2009
01.31

Transmissions





Challenges and responses

  1. The lack of a more than two-second delay in two-way communications at a distance of a 400,000 km (250,000 miles).
    • The round trip light travel time of more than two seconds is apparent in all the real-time recordings of the lunar audio, but this does not always appear as expected. There may also be some documentary films where the delay has been edited out. Principal motivations for editing the audio would likely come in response to time constraints or in the interest of clarity.
  2. Typical delays in communication were on the order of half a second.
    • Claims that the delays were only on the order of half a second are unsubstantiated by an examination of the actual recordings. It should also be borne in mind that there should not be a straightforward, consistent time delay between every response, as the conversation is being recorded at one end – Mission Control. Responses from Mission Control could be heard without any delay, as the recording is being made at the same time that Houston receives the transmission from the moon.

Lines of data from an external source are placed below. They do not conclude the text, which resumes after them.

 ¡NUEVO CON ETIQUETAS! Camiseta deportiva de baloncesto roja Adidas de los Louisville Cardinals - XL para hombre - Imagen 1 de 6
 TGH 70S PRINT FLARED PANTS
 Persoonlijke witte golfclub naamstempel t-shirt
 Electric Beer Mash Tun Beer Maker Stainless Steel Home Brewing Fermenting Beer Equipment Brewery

  3. The Parkes Observatory in Australia was billed to the world for weeks as the site that would be relaying communications from the Moon, then five hours before transmission they were told to stand down.
    • The timing of the first Moonwalk was moved up after landing. In fact, delays in getting the Moonwalk started meant that Parkes did cover almost the entire Apollo 11 Moonwalk.

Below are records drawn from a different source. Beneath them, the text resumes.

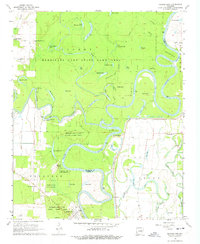 Georgetown 1968 topographic map thumbnail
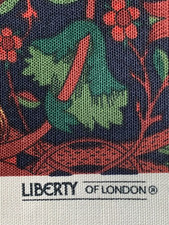 VINTAGE WILLIAM MORRIS LODDEN LIBERTY OF LONDON UPHOLSTERY FABRIC 30M AVAILABLE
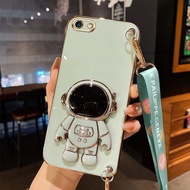 AnDyH Long Lanyard Casing OPPO A39 A57 2016 F3 Lite A83 A1 Phone Case OPPO A59 F1S F5 A3 F7 A37 A37F Cute Astronaut Desk Holder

  4. Parkes supposedly provided the clearest video feed from the Moon, but Australian media and all other known sources ran a live feed from the United States.
    • While that was the original plan, and, according to some sources, the official policy, the Australian Broadcasting Commission (ABC) did take the transmission direct from the Parkes and Honeysuckle Creek radio telescopes. These were converted to NTSC television at Paddington, in Sydney. This meant that Australian viewers saw the Moonwalk several seconds before the rest of the world. See also The Parkes Observatory’s Support of the Apollo 11 Mission, from “Publications of the Astronomical Society of Australia” (The events surrounding the Parkes Observatory’s role in relaying the live television of man’s first steps on the Moon were portrayed in a slightly fictionalized 2000 Australian film comedy The Dish.)
  5. Better signal was supposedly received at Parkes Observatory when the Moon was on the opposite side of the planet.
    • This is not supported by the detailed evidence and logs from the missions.